Well that’s just wrong. As we know, marriage has varied a lot. Virtually nothing about marriage has persisted throughout every culture. It is in a state of constant change and, though gradual, improvement.

Scalia gets even more intense. He points out that the Supreme Court can’t enforce its rulings without the help of the President:

“Pride, we know, goeth before a fall. The Judiciary … must ultimately depend upon the aid of the executive arm … for the efficacy of its judgments. With each decision of ours that takes from the People a question properly left to them … we move one step closer to being reminded of our impotence.”

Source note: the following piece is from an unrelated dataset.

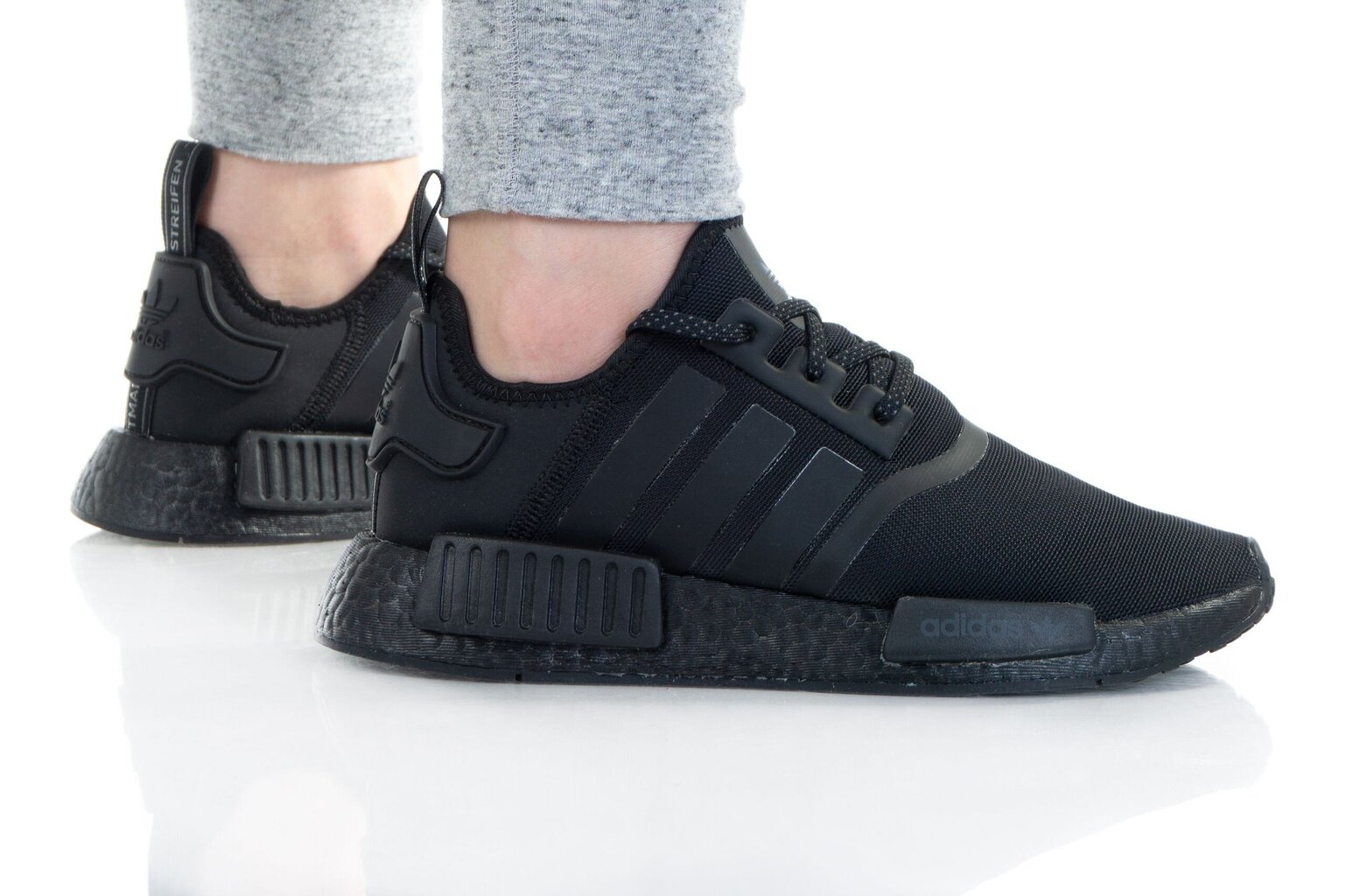 Laste spordijalatsid Adidas NMD R1 J FX8777, must цена и информация | Spordijalatsid lastele | hansapost.ee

It’s hard to tell, but Scalia seems to be predicting that a future administration might refuse to enforce this ruling. That’s pretty much the only way marriage equality could be stopped, and it would be a nuclear option. Essentially, Presidential civil disobedience.

And then there’s this from Thomas:

“human dignity cannot be taken away by the government. Slaves did not lose their dignity … because the government allowed them to be enslaved. Those held in internment camps did not lose their dignity because the government confined them. And those denied governmental benefits certainly do not lose their dignity…”

Did Thomas just mean to defend slavery? Probably not, but he also probably didn’t mean to suggest that banning marriage is similar to slavery and internment.

In his dissent, Roberts begrudgingly admits that marriage changes, writing “the ‘history of marriage is one of both continuity and change,’ but the core meaning of marriage has endured.”

And there’s the fundamental disagreement. The core meaning of marriage. Is it, as Kennedy says, an embodiment of “the highest ideals of love, fidelity, devotion, sacrifice, and family”?

Or, is it as Alito says, “the one thing that only an opposite-sex couple can do: procreate.”

Kennedy’s description of marriage sure sounds a lot closer to reality than Alito’s.

Alito also throws in a little scare-mongering:

“I assume that those who cling to old beliefs will be able to whisper their thoughts in the recesses of their homes, but if they repeat those views in public, they will risk being labeled as bigots and treated as such by governments, employers, and schools.”

Oh. So people who are intolerant of those who are different might be labeled as bigots? How unpleasant for them.